Guessing from that, there don’t seem to be that many people using XenServer with Boot-from-SAN. Otherwise Citrix/NetApp would have fixed that by now…. Anyhow, I went around digging in our XenServer’s. What I already did, was adjust the /etc/multipath.conf according to a bug report (or TR-3373). For completeness sake I’ll list it here:
# Multipathing configuration for XenServer on NetApp ALUA
# enabled storage.
# TR-3732, revision 5
## some vendor specific modifications
features "1 queue_if_no_path"
getuid_callout "/sbin/scsi_id -g -u -s /block/%n"

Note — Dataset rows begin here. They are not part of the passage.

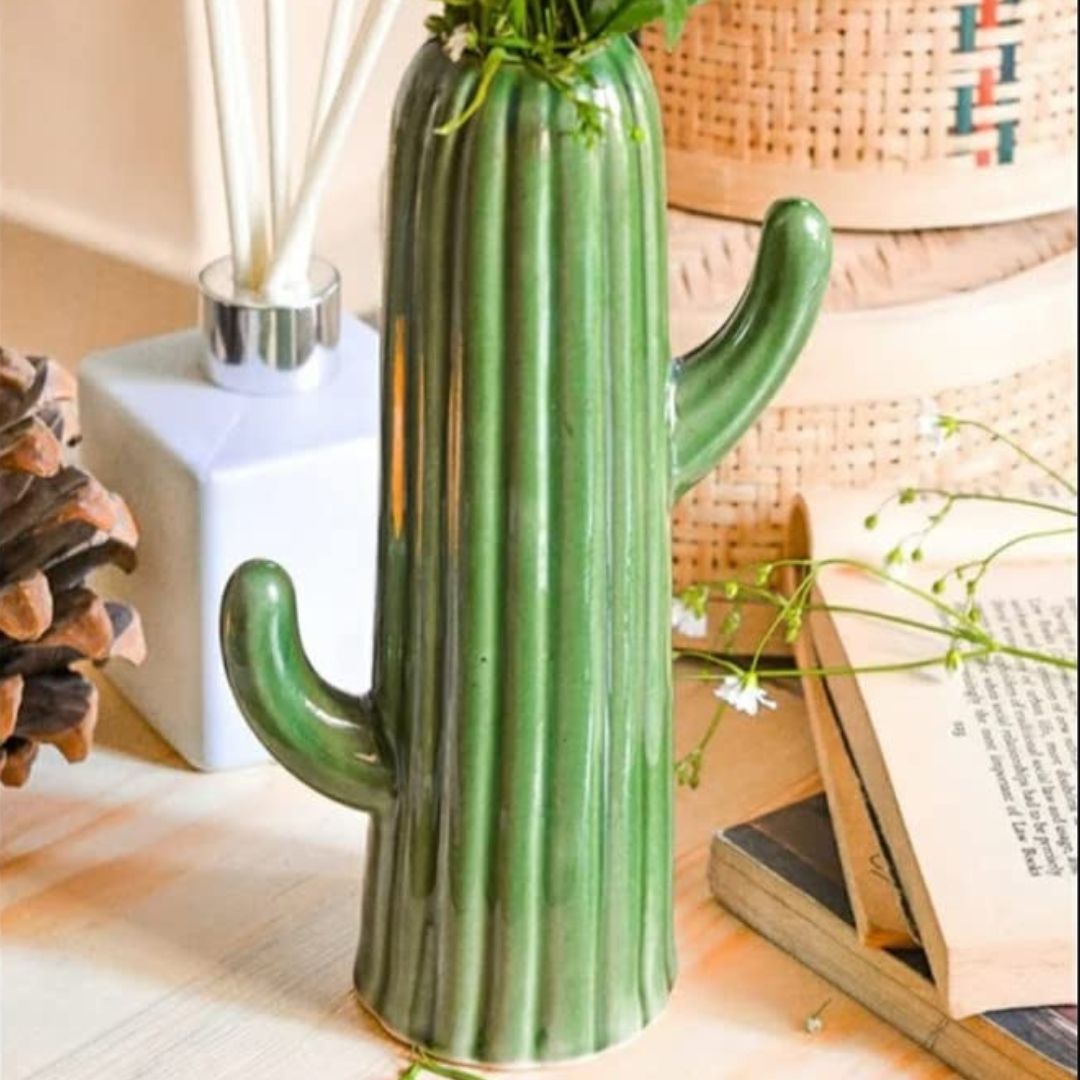 cactus shaped vase ceramic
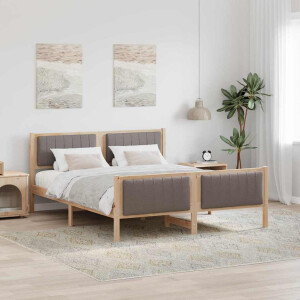 vidaXL Bedframe Bruin en taupe 160 x 200 cm Massief grenenhout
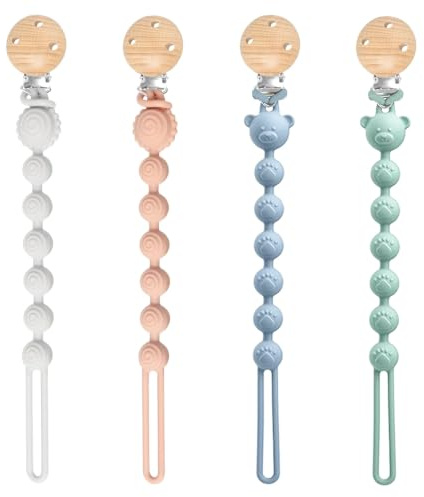 4 Pcs Silicone Dummy Clip, Pacifier Clips One Piece Dummy Chain for Baby | Soother Clips and Teether 2-in-1 Design,Wooden Design,BPA Free,4 Color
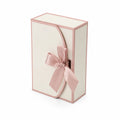 Boîte cadeau 20 x 15 x 30 cm en carton crème rose avec ruban satin fermeture décorative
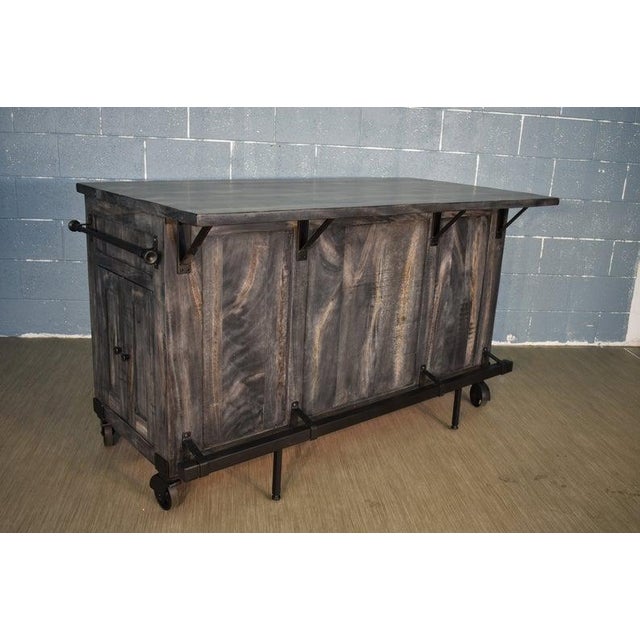 Crafters and Weavers Sawyer Parota Wood Kitchen Island For Sale - Image 4 of 8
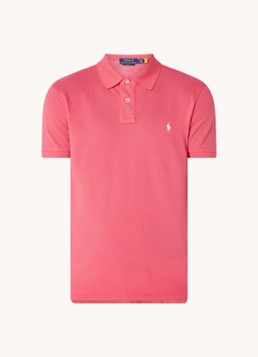 Ralph Lauren Heren Slim fit polo van piqué katoen in de kleur Carmel Pink/C7349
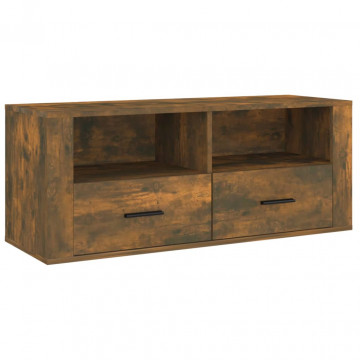 Comodă TV, stejar fumuriu, 100x35x40 cm, lemn prelucrat - Img 2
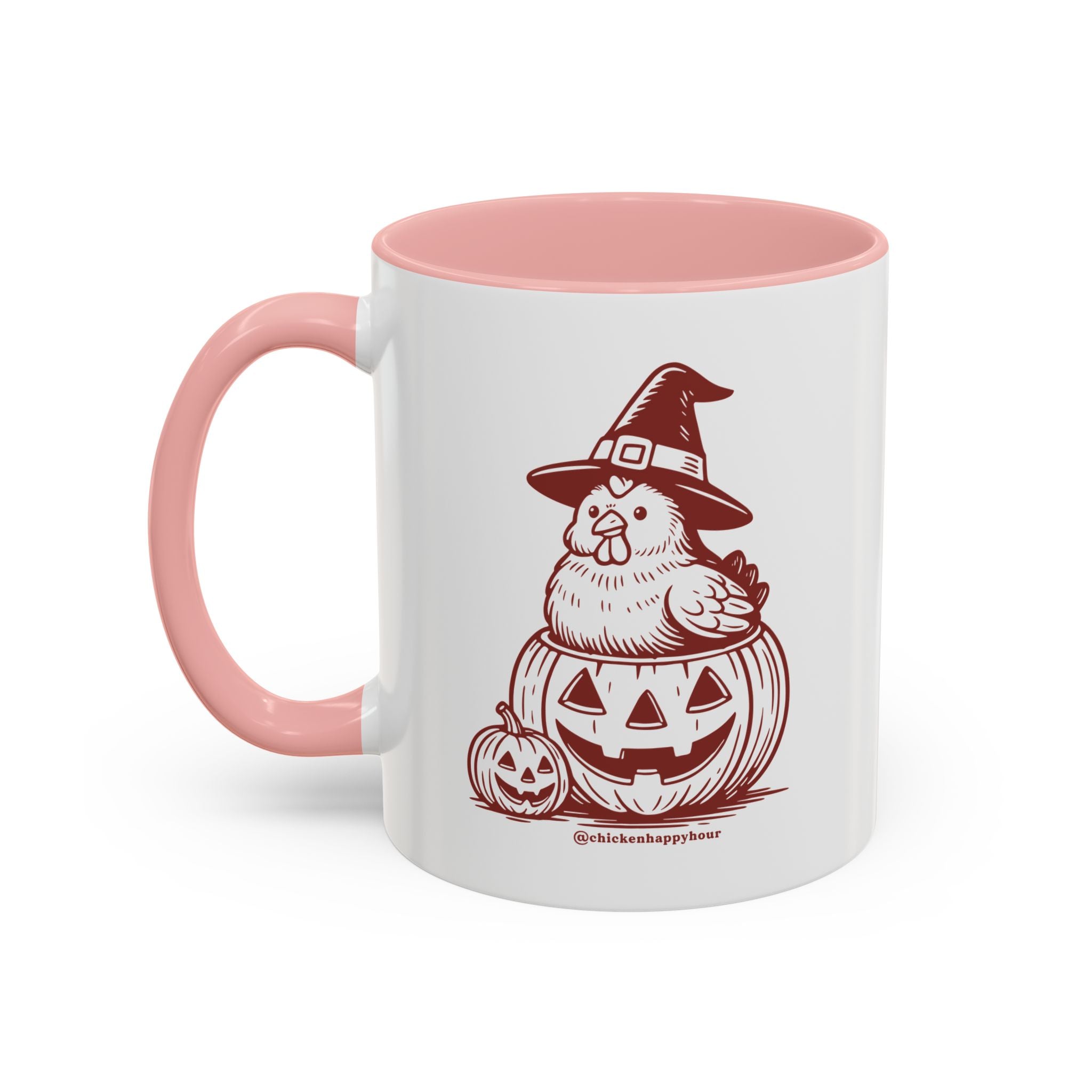 Halloween Chicken Witch in Pumpkin Coffee Mug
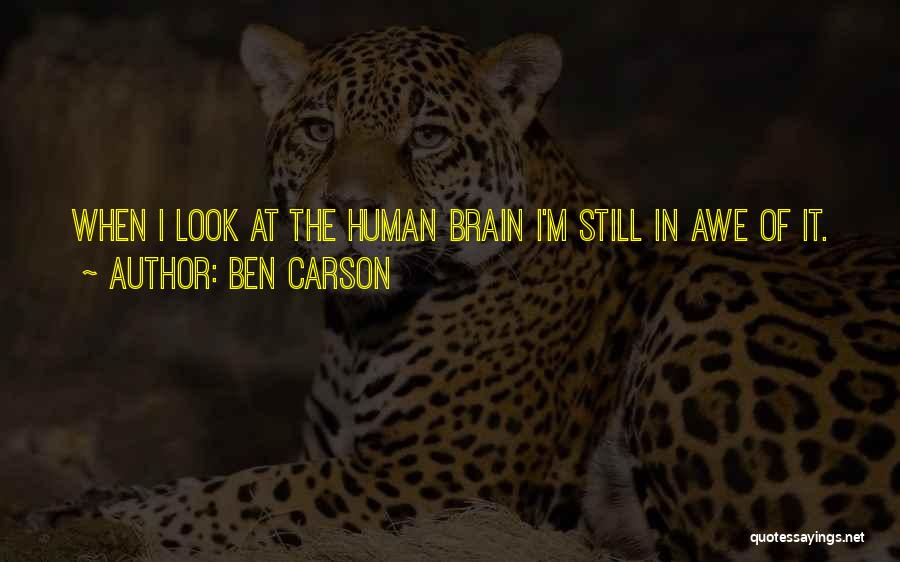 Ben Carson Quotes: When I Look At The Human Brain I'm Still In Awe Of It.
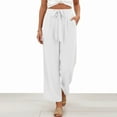 thumbnail image 5 of Nuoqisi Women's Casual Loose High Waist Tie-Detail Wide Leg Cropped Pants with Pockets - Bohemian Style Cropped Trousers for Artistic Outings, 5 of 9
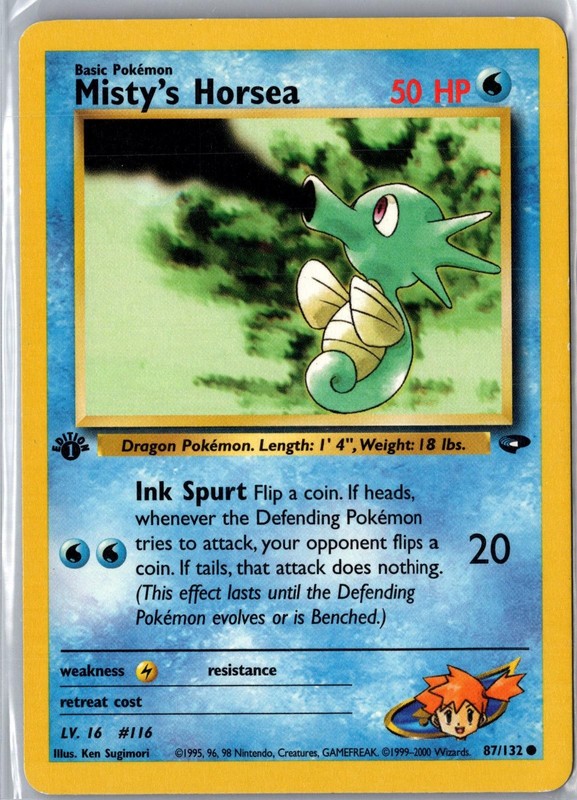Misty’s Horsea 87/132 Common Gym Challenge Pokemon 1st Edition Moderately Played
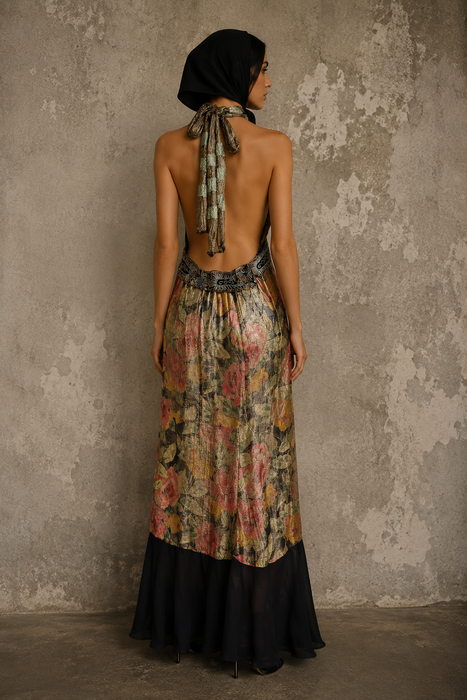 Dray, reworked 1920s floral lamé and metallic dress with glass black jet beaded fringed waistband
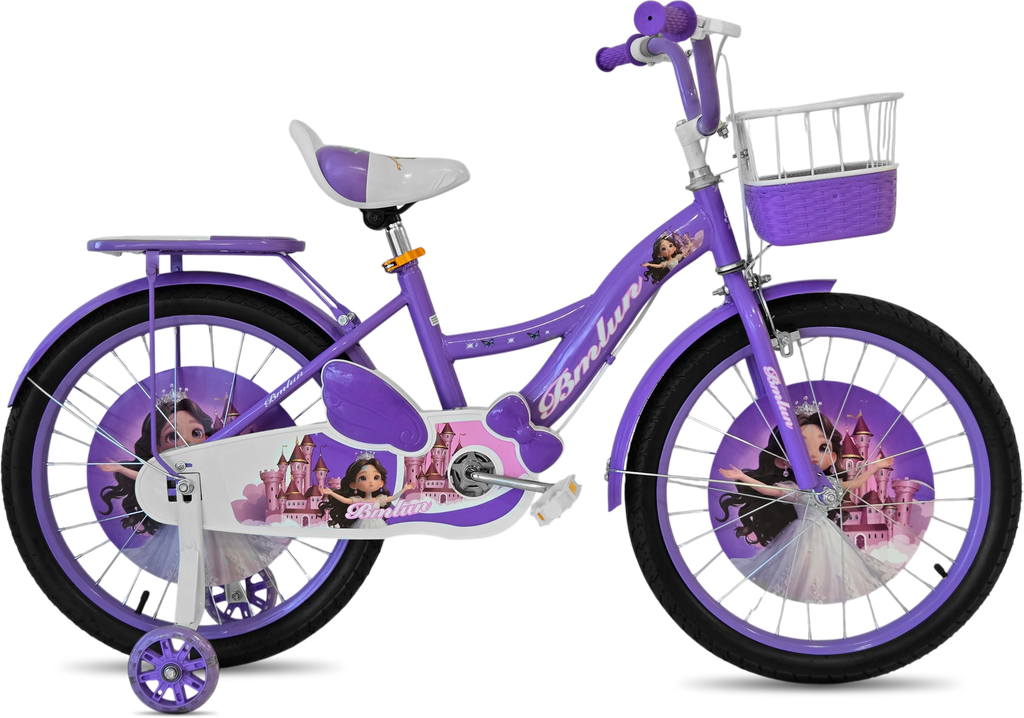 Bicicleta 16 niña c/canasta c/parrilla purple/white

prio_callout "/sbin/mpath_prio_alua /dev/%n"
hardware handler "0"
And as it turns out, this is the reason why we’re having such difficulties with the Multipathing. The information in TR-3373 is a bunch of BS (no, not everything but a single path is wrong, the getuid_callout) and thus the whole concept of Multipathing, Failover and High-Availibility (yeah, I know – if you want HA, don’t use XenServer :P) is gone.